特に新幹線は一秒間に6~70メートルほど進みますので、ブレーキをかける1秒の遅れが大惨事を引き起こしかねません。
2004年に発生した新潟県中越地震では、震源直上にあった「ユレダス」が地震のP波を検出して僅か1秒以内に警報を出し、付近を走行中の全ての列車に非常制動がかかりました。
この時は「とき325号」が脱線してしまいました。
震源に近かったため、警報からS波到着まで2秒もなかったことが原因です。
それでも、死傷者を出さなかったという意味は大きく、大きく揺れ始める前に急ブレーキが作用したということが功を奏したといえます。

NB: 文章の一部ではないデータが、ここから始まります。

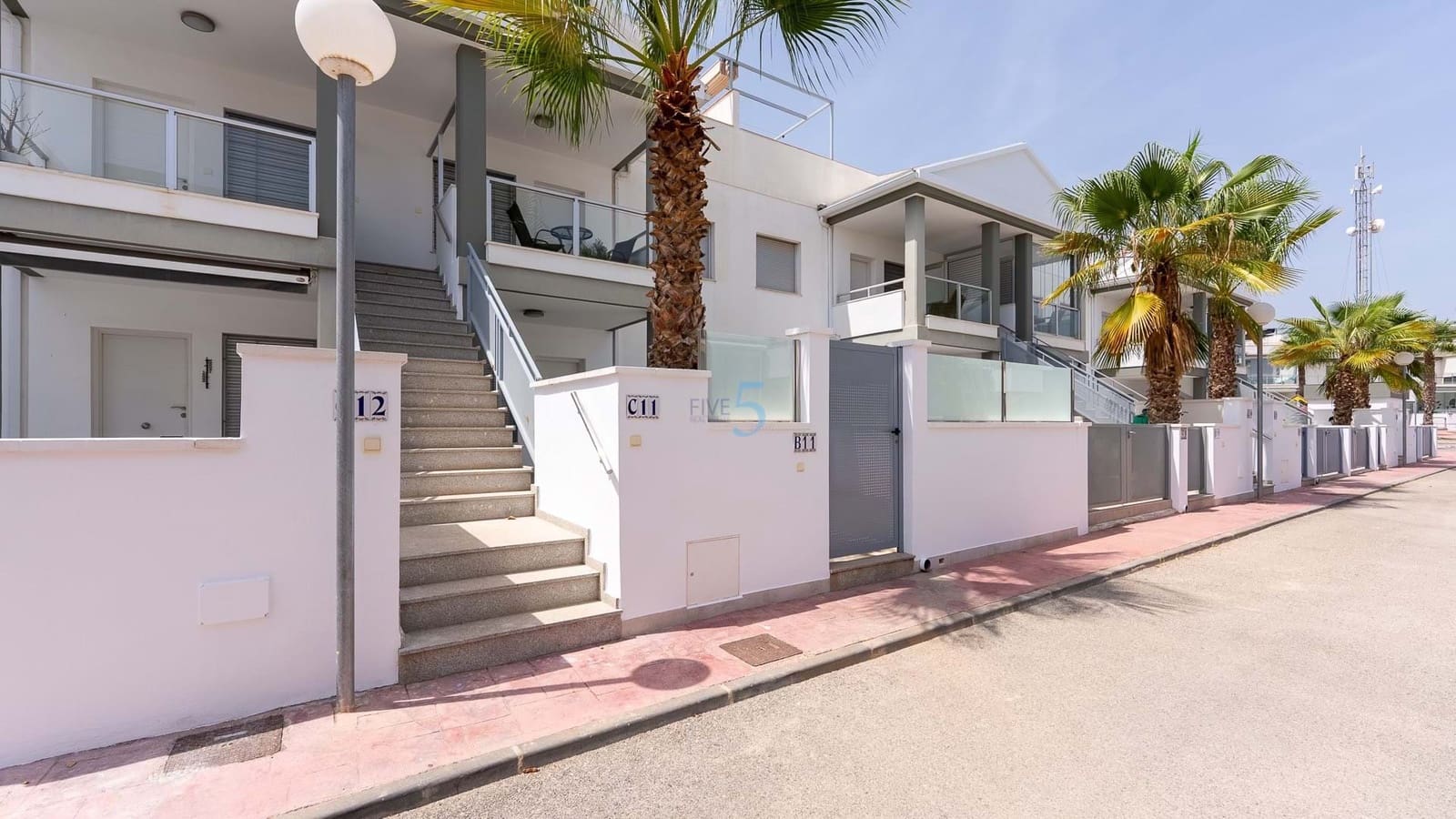 2 soveværelse Lejlighed til salg i La Florida med swimmingpool garage - € 194.000 (Ref: 9147708)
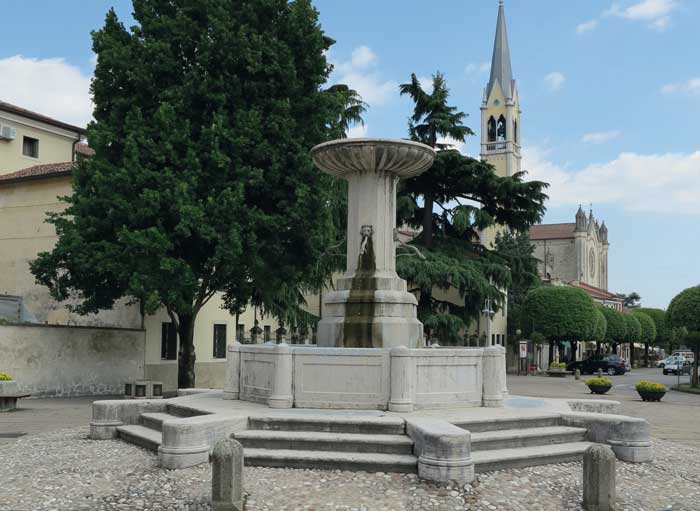 DVE restauro fontana montecchio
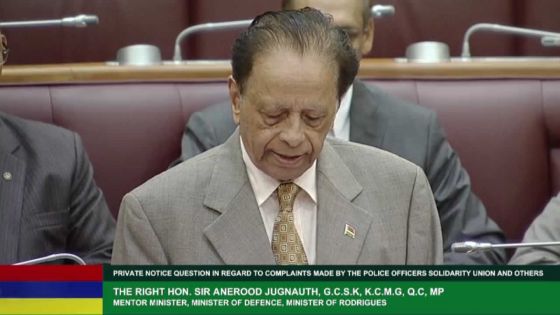 Assemblée nationale : Xavier-Luc Duval interroge sir Anerood Jugnauth sur les conditions de travail des policiers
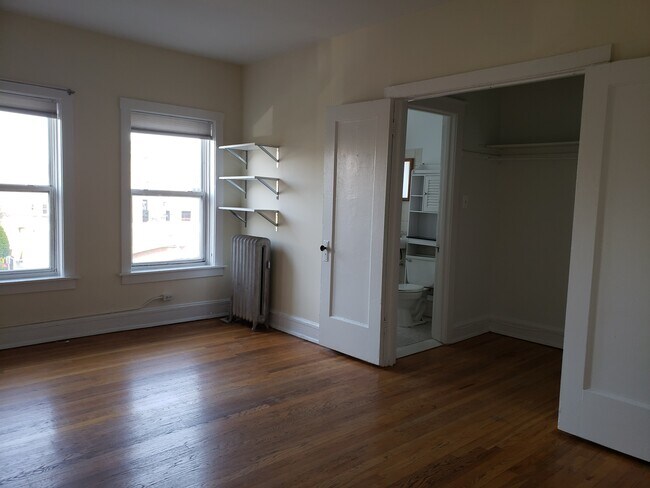 Building Photo - 2712 N Milwaukee Ave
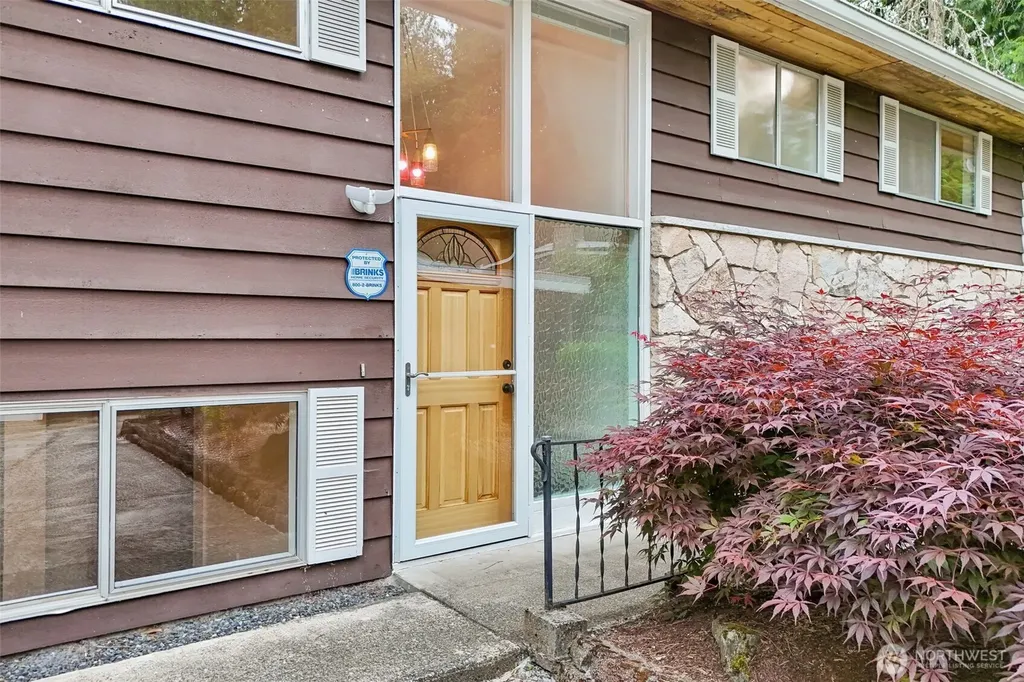 31430 W Lake Morton Drive SE Kent WA 98042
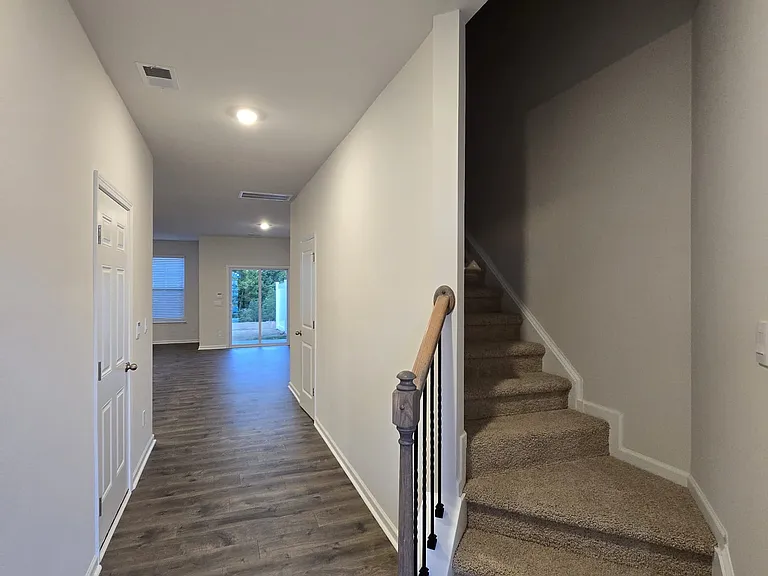 1677 Hallview Ct — Photo 6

このシステムが無かったとしたら、脱線だけでは済まなかったことでしょう。
東日本大震災でも、「ユレダス」が大きな役割を果たしました。
今回は震源が三陸沖合いだったこともあり、S波が到達する少なくとも9秒前には急ブレーキが作動していたようです。
東北新幹線では合計27本の列車が乗客を乗せて走行していましたが、どの列車も脱線を免れました。
つくづく緊急地震速報のシステムは世界に誇るべき技術だと感じます。
東日本大震災で東北新幹線は、高架橋など多数箇所に被害を受けたものの、東京~那須塩原間、盛岡~新青森間は既に運転を再開しています。
明日には盛岡~一ノ関、4月12日には那須塩原~福島、4月下旬には全線にわたり運転再開する見通しとなりました。
鉄道技術者の総力を挙げた復旧作業に心から賞賛したいと思います。
東北新幹線の全通が復興の大きな原動力となることでしょう。